The concerns I just mentioned would make for a full agenda for this conference in any other year, even without Russia’s war raging next door.
All participating States, including the United States, must be held accountable for meeting our human dimension commitments. How best to correct the shortcomings in our democracy is for the American people to debate, for our free press to report, and for the international community to comment upon. We are not alone among the participating States in having societal disparities and political divisions that must be grappled with. And we all know that malign actors – both foreign and domestic — seek to exploit these problems to their own advantage. We strive to confront and fix our defects in the open. In the United States we know we cannot solve our problems by cracking down on criticism or conjuring fears of foreign enemies to hide our flaws and deflect responsibility for them.
The United States convened the first Summit for Democracy in December 2021. We’ve spent 2022 — a Year of Action — encouraging democratic resilience globally, and also working to make progress on our own pledges to bolster democracy and justice at home. So, my delegation has come to Warsaw prepared for an honest discussion of our own record and that of others. I will now offer some overarching observations to frame our discussions in the working sessions: States that violate the human rights of their own people have contempt for the sovereignty and territorial integrity of other countries. Autocrats who abuse their power at home spread disinformation to sow division in other countries and undermine their elections. Regimes that choke off domestic dissent reach across borders to silence critics located abroad in blatant acts of transnational repression – Russia by poisoning defectors with chemical weapons, and Belarus by diverting an international flight to seize a journalist, to cite only two notorious cases among many perpetrated by authoritarian states in the OSCE region. Dictators don’t care much about public safety or upholding a rules-based international order.
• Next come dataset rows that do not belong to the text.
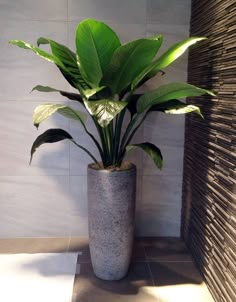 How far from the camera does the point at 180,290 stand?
151 centimetres

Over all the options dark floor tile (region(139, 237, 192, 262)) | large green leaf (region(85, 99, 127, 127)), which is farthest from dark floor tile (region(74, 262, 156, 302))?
large green leaf (region(85, 99, 127, 127))

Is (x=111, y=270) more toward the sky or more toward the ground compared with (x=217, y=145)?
more toward the ground

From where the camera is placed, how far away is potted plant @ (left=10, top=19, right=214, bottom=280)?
4.11 feet

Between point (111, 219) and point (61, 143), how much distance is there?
69 cm

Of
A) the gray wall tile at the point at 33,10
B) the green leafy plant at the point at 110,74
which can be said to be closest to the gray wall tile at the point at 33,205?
the green leafy plant at the point at 110,74

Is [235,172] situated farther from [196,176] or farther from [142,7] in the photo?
[142,7]

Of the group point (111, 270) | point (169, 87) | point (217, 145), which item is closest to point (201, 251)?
point (111, 270)

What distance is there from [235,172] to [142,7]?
1.19 m

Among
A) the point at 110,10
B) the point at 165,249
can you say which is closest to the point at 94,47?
the point at 110,10

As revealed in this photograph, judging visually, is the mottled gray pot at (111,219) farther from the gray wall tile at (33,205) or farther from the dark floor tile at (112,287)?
the gray wall tile at (33,205)

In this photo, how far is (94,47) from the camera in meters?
1.28

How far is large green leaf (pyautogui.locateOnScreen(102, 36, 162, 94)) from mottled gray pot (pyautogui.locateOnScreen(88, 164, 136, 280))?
0.43m

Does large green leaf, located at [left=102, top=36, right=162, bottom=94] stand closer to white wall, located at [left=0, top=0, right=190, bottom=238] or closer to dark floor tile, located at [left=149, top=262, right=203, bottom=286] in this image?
white wall, located at [left=0, top=0, right=190, bottom=238]

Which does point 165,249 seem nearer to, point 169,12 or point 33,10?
point 169,12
The truth embedded in the founding Helsinki principles has never been more evident: Respect for human rights within states is essential to security among states.
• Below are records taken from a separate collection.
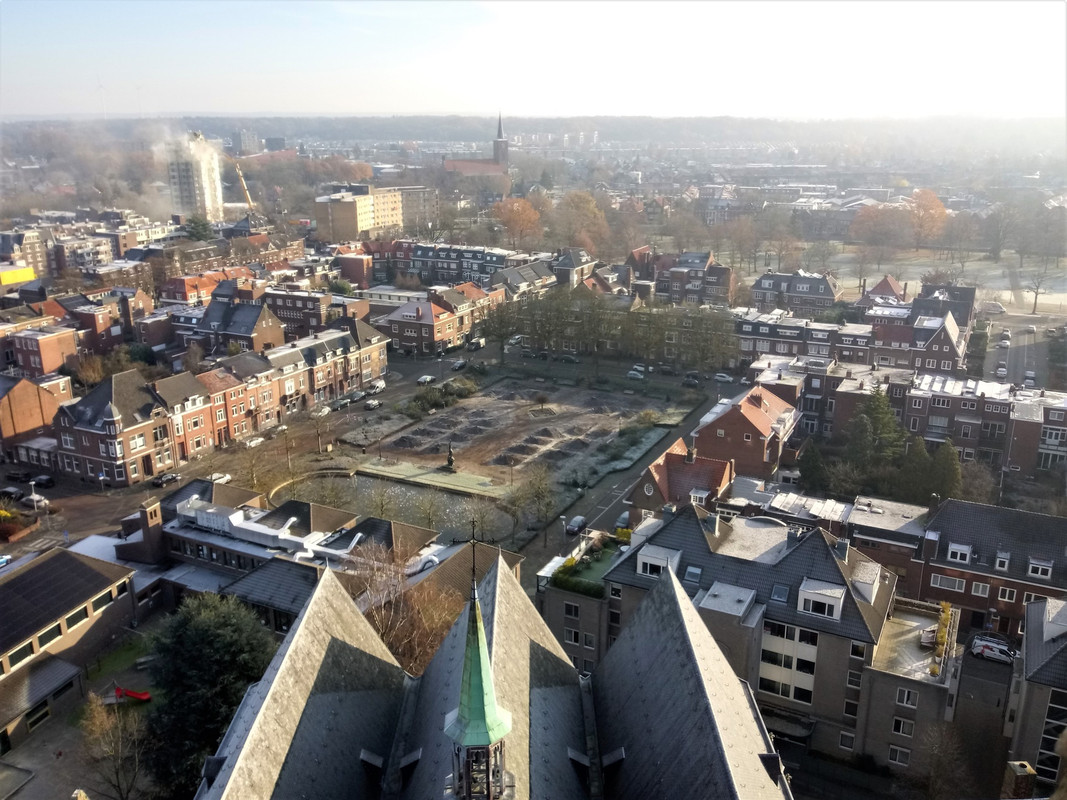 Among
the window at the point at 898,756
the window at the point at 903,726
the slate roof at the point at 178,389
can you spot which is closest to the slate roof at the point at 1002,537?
the window at the point at 903,726

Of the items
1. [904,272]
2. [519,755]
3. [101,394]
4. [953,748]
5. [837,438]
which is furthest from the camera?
[904,272]

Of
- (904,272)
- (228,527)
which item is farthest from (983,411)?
(904,272)

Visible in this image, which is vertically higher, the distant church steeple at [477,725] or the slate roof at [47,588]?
the distant church steeple at [477,725]

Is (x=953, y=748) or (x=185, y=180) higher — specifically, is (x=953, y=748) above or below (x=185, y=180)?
below

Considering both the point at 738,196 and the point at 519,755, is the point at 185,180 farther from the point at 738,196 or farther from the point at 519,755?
the point at 519,755

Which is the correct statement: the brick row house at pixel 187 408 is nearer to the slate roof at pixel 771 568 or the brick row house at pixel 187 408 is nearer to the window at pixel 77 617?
the window at pixel 77 617

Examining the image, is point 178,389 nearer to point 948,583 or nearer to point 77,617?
point 77,617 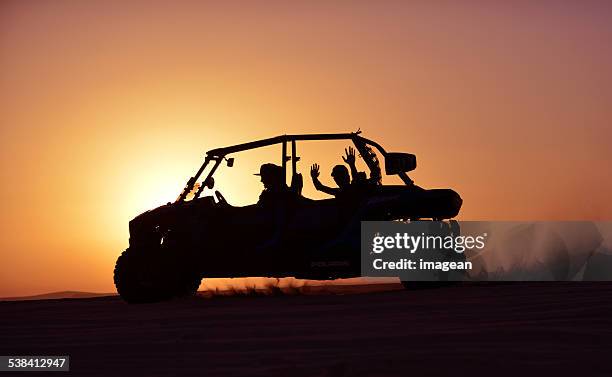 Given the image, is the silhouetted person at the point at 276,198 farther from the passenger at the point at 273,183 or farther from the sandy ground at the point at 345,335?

In closing, let me express deep respect for the human rights defenders who have journeyed here from across the region. Many of you risk reprisal, not just against yourselves but also your families. Some of you already have suffered for your vital work. My delegation looks forward to hearing from you about how we can best advance Human Dimension priorities together. At a time when the double-headed threat of repression and aggression imperils the human rights of people and the security of states, it will be critical that we work together.